*** Begin section ***
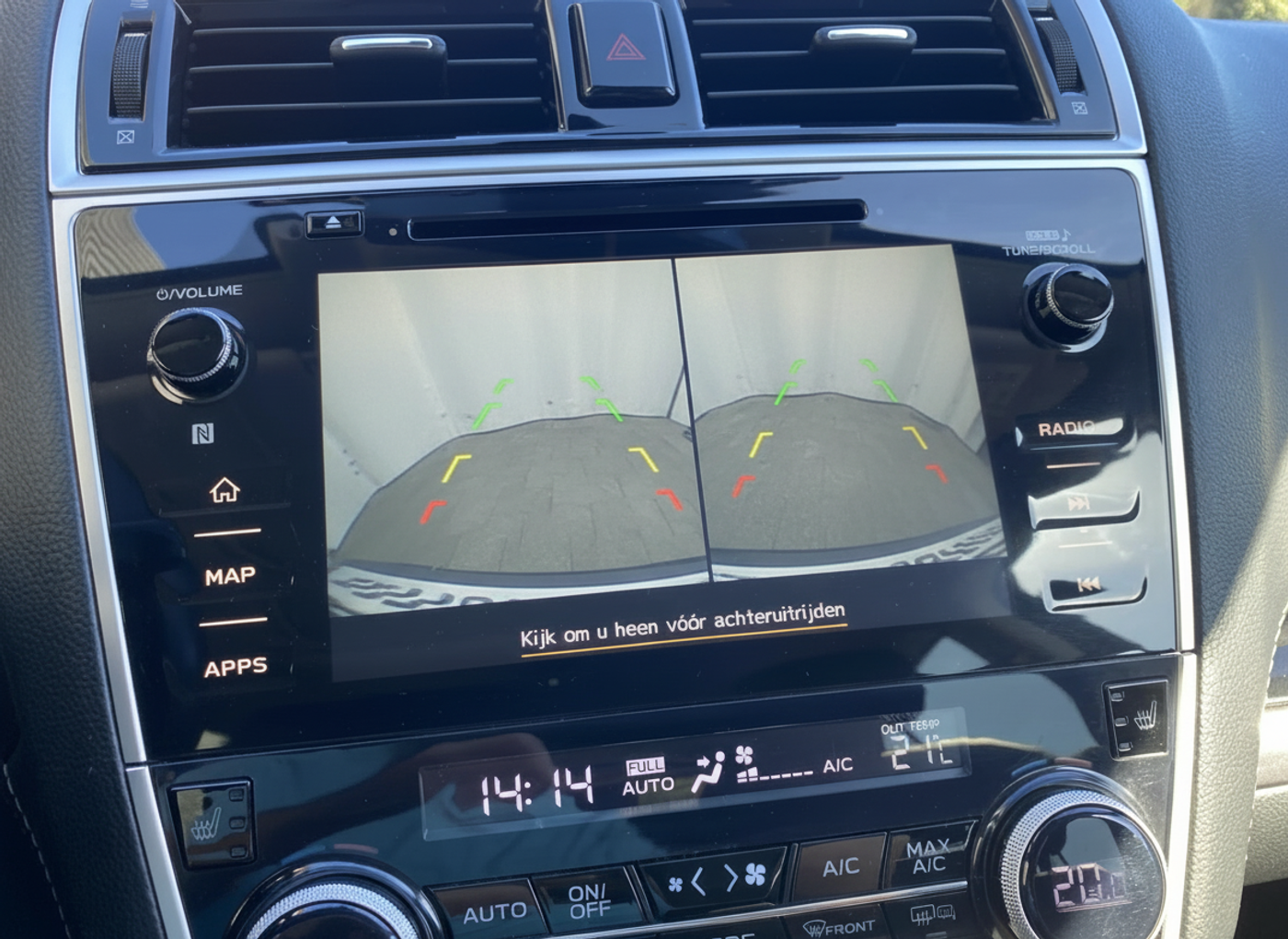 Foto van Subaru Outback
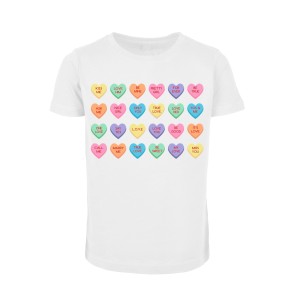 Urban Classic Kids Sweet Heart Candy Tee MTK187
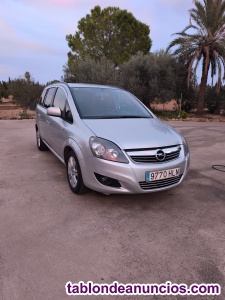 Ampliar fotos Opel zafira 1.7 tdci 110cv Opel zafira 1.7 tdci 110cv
*** End section ***
» Task description
Retype all the data exactly; skip the pictures.

» Reply to the task
 Foto van Subaru Outback
 Urban Classic Kids Sweet Heart Candy Tee MTK187
 Ampliar fotos Opel zafira 1.7 tdci 110cv Opel zafira 1.7 tdci 110cv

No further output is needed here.